3. Transaction Distribution by transaction amount
I have used amount ranges to understand the distribution of the transactions by the transaction amounts. It seems like overall most of the transactions range from 0 - 100 amount. I was surprised to see considerable number of fraudulent transactions in 100-1000 amount range as well.

4. Correlation Matrix
I have plotted the correlation between different features in the dataset, but I have seen only very few features with some correlation with the target variable, Class in this dataset.

Data Preparation
- I have normalized the amount and time fields to bring them to the range of -1 to +1 to be able to use these two features as input to the neural network.
- I have dropped the existing Amount and Time fields from the dataset as I will be using the normalized features instead.
- I have used sklearn’s preprocessing package StandardScaler to standardize the time and amount features.
Modeling
Model Details
- Using Keras, I have built the neural network with 6 layers, including 4 hidden layers.
- Compiled the model using adam optimizer, binary_crossentropy loss parameter, and using the accuracy metric.
- Trained the model using training set for 10 epochs.
- Below is the model summary as showin in figure 6.

1. Deep Neural Network trained with imbalanced dataset
- Below as shown in Table 1 are the performance metrics for the DNN model that is trained using imbalanced dataset
Table 1: Model performance with imbalanced data
Evaluation Metric | Value |
---|---|
Loss | 0.45% |
Accuracy | 99.91% |
Accuracy Score | 99.94% |
Precision Score | 83.82% |
Recall Score | 77.55% |
F1 Score | 80.57% |
- As we can see from the metrics above, even though the accuracy is high, the precision is not that great because of more negative (class=0) samples in the dataset.
- Below shown in figure 7 is the confusion matrix reflecting the similar results.

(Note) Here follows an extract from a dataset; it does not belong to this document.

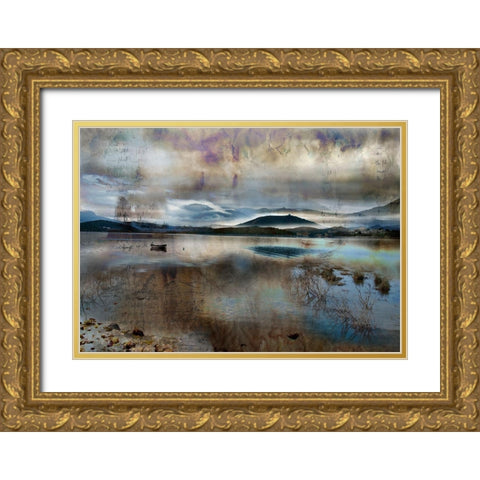 L ile noire Gold Ornate Wood Framed Art Print with Double Matting by Le Visage, J-M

- Due to the use of imbalanced dataset, the model has shown the signs of over-fitting, the validation results showed more losses than the training data as shown in figure 8 the accuracy and loss plots.
2. Deep Neural Network trained with balanced dataset
- For the 2nd expeirment, I have used SMOTE, the data oversampling technique to re-create the training and testing data by making sure both classes are in equal proportions.
- I have also trained the DNN model for higher number of iterations with 50 epochs.
- Below as shown in Table 2 are the performance metrics for the DNN model that is trained using imbalanced dataset
Table 2: Model performance with balanced data
Evaluation Metric | Value |
---|---|
Loss | 0.69% |
Accuracy | 99.88% |
Accuracy Score | 99.88% |
Precision Score | 99.76% |
Recall Score | 100% |
F1 Score | 99.88% |
- As we can see from the metrics above, the model performance has improved significantly with the balanced dataset.
- Below shown in figure 9 is the confusion matrix reflecting the similar results.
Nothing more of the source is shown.